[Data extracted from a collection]

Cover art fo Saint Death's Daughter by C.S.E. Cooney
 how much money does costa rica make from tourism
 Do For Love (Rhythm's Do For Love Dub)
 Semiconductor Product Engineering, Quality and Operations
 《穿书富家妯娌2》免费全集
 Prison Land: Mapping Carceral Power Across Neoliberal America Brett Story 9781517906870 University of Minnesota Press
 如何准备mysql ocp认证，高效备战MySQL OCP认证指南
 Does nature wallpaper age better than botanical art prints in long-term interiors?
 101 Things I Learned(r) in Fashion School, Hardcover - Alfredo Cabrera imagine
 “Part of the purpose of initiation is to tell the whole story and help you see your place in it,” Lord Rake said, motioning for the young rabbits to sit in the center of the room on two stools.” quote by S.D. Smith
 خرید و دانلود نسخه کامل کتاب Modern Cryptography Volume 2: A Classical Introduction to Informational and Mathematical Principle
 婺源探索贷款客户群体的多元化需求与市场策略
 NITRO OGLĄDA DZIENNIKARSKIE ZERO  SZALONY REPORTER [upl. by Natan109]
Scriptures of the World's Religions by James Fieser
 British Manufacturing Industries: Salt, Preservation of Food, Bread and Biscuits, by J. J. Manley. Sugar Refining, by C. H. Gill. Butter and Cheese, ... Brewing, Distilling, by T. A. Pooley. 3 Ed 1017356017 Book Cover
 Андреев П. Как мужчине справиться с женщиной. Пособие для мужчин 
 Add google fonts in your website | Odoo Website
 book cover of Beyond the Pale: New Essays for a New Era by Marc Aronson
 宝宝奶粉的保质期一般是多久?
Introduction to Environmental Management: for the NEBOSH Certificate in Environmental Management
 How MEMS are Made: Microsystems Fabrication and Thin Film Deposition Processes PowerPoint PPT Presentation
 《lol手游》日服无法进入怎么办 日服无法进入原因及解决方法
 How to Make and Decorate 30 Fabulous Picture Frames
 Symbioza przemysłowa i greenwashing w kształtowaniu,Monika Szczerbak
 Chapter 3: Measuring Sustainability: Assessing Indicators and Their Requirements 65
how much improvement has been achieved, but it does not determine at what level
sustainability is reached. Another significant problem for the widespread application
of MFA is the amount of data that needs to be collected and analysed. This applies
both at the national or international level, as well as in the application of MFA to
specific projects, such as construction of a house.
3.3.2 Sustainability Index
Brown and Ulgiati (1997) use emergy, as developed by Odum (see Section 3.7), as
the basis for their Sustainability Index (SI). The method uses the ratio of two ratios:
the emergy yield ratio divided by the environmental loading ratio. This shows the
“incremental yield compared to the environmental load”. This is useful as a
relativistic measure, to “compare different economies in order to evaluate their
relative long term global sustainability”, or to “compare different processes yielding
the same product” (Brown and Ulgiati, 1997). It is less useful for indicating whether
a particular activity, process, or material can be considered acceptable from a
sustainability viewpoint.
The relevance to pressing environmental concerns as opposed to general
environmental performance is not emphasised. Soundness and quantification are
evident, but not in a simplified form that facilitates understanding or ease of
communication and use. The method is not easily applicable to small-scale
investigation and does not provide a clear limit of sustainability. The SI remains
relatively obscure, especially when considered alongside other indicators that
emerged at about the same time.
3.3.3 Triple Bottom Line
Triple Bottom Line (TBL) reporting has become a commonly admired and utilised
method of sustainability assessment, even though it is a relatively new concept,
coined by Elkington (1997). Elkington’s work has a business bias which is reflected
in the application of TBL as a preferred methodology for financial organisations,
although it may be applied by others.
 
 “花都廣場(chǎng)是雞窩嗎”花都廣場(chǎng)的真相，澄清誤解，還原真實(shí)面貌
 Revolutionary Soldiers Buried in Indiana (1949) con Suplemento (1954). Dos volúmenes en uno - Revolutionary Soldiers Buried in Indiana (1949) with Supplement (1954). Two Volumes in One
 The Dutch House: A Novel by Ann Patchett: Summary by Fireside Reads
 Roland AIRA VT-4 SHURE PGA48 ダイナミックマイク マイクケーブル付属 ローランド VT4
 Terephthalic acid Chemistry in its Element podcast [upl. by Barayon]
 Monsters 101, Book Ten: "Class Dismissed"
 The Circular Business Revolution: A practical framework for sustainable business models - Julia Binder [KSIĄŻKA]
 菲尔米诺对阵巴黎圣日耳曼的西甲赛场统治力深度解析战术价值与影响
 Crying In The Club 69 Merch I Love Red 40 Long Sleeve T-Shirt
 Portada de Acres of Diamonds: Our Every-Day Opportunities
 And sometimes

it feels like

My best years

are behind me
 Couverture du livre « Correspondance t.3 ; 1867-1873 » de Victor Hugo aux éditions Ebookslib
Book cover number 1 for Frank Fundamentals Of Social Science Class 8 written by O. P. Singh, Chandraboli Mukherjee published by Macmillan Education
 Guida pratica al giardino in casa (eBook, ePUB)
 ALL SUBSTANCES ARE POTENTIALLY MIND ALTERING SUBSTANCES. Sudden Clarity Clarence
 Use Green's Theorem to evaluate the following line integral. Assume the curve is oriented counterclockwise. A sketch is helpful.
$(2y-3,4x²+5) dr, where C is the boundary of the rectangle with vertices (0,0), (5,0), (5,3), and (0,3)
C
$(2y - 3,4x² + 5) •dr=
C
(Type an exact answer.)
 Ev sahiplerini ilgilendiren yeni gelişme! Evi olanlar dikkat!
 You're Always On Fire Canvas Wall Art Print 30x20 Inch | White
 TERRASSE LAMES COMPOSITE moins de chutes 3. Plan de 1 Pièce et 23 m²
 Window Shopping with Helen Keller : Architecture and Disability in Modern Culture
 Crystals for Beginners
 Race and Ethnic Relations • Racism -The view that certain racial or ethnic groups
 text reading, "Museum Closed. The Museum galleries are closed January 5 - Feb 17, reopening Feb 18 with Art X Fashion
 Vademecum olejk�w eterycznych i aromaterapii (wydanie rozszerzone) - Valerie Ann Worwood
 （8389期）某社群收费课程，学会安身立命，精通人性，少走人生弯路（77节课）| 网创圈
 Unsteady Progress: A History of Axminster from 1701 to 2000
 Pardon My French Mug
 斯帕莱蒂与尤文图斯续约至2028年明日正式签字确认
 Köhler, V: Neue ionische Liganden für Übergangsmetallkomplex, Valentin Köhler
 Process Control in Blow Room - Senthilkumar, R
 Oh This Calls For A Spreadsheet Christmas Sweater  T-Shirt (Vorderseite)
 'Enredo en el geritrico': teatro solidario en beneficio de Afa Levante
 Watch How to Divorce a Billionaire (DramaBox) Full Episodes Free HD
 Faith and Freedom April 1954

> What needs to be done: An exact reproduction of all the entries above is the expected answer.

> The answer:
Cover art fo Saint Death's Daughter by C.S.E. Cooney
 how much money does costa rica make from tourism
 Do For Love (Rhythm's Do For Love Dub)
 Semiconductor Product Engineering, Quality and Operations
 《穿书富家妯娌2》免费全集
 Prison Land: Mapping Carceral Power Across Neoliberal America Brett Story 9781517906870 University of Minnesota Press
 如何准备mysql ocp认证，高效备战MySQL OCP认证指南
 Does nature wallpaper age better than botanical art prints in long-term interiors?
 101 Things I Learned(r) in Fashion School, Hardcover - Alfredo Cabrera imagine
 “Part of the purpose of initiation is to tell the whole story and help you see your place in it,” Lord Rake said, motioning for the young rabbits to sit in the center of the room on two stools.” quote by S.D. Smith
 خرید و دانلود نسخه کامل کتاب Modern Cryptography Volume 2: A Classical Introduction to Informational and Mathematical Principle
 婺源探索贷款客户群体的多元化需求与市场策略
 NITRO OGLĄDA DZIENNIKARSKIE ZERO  SZALONY REPORTER [upl. by Natan109]
Scriptures of the World's Religions by James Fieser
 British Manufacturing Industries: Salt, Preservation of Food, Bread and Biscuits, by J. J. Manley. Sugar Refining, by C. H. Gill. Butter and Cheese, ... Brewing, Distilling, by T. A. Pooley. 3 Ed 1017356017 Book Cover
 Андреев П. Как мужчине справиться с женщиной. Пособие для мужчин 
 Add google fonts in your website | Odoo Website
 book cover of Beyond the Pale: New Essays for a New Era by Marc Aronson
 宝宝奶粉的保质期一般是多久?
Introduction to Environmental Management: for the NEBOSH Certificate in Environmental Management
 How MEMS are Made: Microsystems Fabrication and Thin Film Deposition Processes PowerPoint PPT Presentation
 《lol手游》日服无法进入怎么办 日服无法进入原因及解决方法
 How to Make and Decorate 30 Fabulous Picture Frames
 Symbioza przemysłowa i greenwashing w kształtowaniu,Monika Szczerbak
 Chapter 3: Measuring Sustainability: Assessing Indicators and Their Requirements 65
how much improvement has been achieved, but it does not determine at what level
sustainability is reached. Another significant problem for the widespread application
of MFA is the amount of data that needs to be collected and analysed. This applies
both at the national or international level, as well as in the application of MFA to
specific projects, such as construction of a house.
3.3.2 Sustainability Index
Brown and Ulgiati (1997) use emergy, as developed by Odum (see Section 3.7), as
the basis for their Sustainability Index (SI). The method uses the ratio of two ratios:
the emergy yield ratio divided by the environmental loading ratio. This shows the
“incremental yield compared to the environmental load”. This is useful as a
relativistic measure, to “compare different economies in order to evaluate their
relative long term global sustainability”, or to “compare different processes yielding
the same product” (Brown and Ulgiati, 1997). It is less useful for indicating whether
a particular activity, process, or material can be considered acceptable from a
sustainability viewpoint.
The relevance to pressing environmental concerns as opposed to general
environmental performance is not emphasised. Soundness and quantification are
evident, but not in a simplified form that facilitates understanding or ease of
communication and use. The method is not easily applicable to small-scale
investigation and does not provide a clear limit of sustainability. The SI remains
relatively obscure, especially when considered alongside other indicators that
emerged at about the same time.
3.3.3 Triple Bottom Line
Triple Bottom Line (TBL) reporting has become a commonly admired and utilised
method of sustainability assessment, even though it is a relatively new concept,
coined by Elkington (1997). Elkington’s work has a business bias which is reflected
in the application of TBL as a preferred methodology for financial organisations,
although it may be applied by others.
 
 “花都廣場(chǎng)是雞窩嗎”花都廣場(chǎng)的真相，澄清誤解，還原真實(shí)面貌
 Revolutionary Soldiers Buried in Indiana (1949) con Suplemento (1954). Dos volúmenes en uno - Revolutionary Soldiers Buried in Indiana (1949) with Supplement (1954). Two Volumes in One
 The Dutch House: A Novel by Ann Patchett: Summary by Fireside Reads
 Roland AIRA VT-4 SHURE PGA48 ダイナミックマイク マイクケーブル付属 ローランド VT4
 Terephthalic acid Chemistry in its Element podcast [upl. by Barayon]
 Monsters 101, Book Ten: "Class Dismissed"
 The Circular Business Revolution: A practical framework for sustainable business models - Julia Binder [KSIĄŻKA]
 菲尔米诺对阵巴黎圣日耳曼的西甲赛场统治力深度解析战术价值与影响
 Crying In The Club 69 Merch I Love Red 40 Long Sleeve T-Shirt
 Portada de Acres of Diamonds: Our Every-Day Opportunities
 And sometimes

it feels like

My best years

are behind me
 Couverture du livre « Correspondance t.3 ; 1867-1873 » de Victor Hugo aux éditions Ebookslib
Book cover number 1 for Frank Fundamentals Of Social Science Class 8 written by O. P. Singh, Chandraboli Mukherjee published by Macmillan Education
 Guida pratica al giardino in casa (eBook, ePUB)
 ALL SUBSTANCES ARE POTENTIALLY MIND ALTERING SUBSTANCES. Sudden Clarity Clarence
 Use Green's Theorem to evaluate the following line integral. Assume the curve is oriented counterclockwise. A sketch is helpful.
$(2y-3,4x²+5) dr, where C is the boundary of the rectangle with vertices (0,0), (5,0), (5,3), and (0,3)
C
$(2y - 3,4x² + 5) •dr=
C
(Type an exact answer.)
 Ev sahiplerini ilgilendiren yeni gelişme! Evi olanlar dikkat!
 You're Always On Fire Canvas Wall Art Print 30x20 Inch | White
 TERRASSE LAMES COMPOSITE moins de chutes 3. Plan de 1 Pièce et 23 m²
 Window Shopping with Helen Keller : Architecture and Disability in Modern Culture
 Crystals for Beginners
 Race and Ethnic Relations • Racism -The view that certain racial or ethnic groups
 text reading, "Museum Closed. The Museum galleries are closed January 5 - Feb 17, reopening Feb 18 with Art X Fashion
 Vademecum olejk�w eterycznych i aromaterapii (wydanie rozszerzone) - Valerie Ann Worwood
 （8389期）某社群收费课程，学会安身立命，精通人性，少走人生弯路（77节课）| 网创圈
 Unsteady Progress: A History of Axminster from 1701 to 2000
 Pardon My French Mug
 斯帕莱蒂与尤文图斯续约至2028年明日正式签字确认
 Köhler, V: Neue ionische Liganden für Übergangsmetallkomplex, Valentin Köhler
 Process Control in Blow Room - Senthilkumar, R
 Oh This Calls For A Spreadsheet Christmas Sweater  T-Shirt (Vorderseite)
 'Enredo en el geritrico': teatro solidario en beneficio de Afa Levante
 Watch How to Divorce a Billionaire (DramaBox) Full Episodes Free HD
 Faith and Freedom April 1954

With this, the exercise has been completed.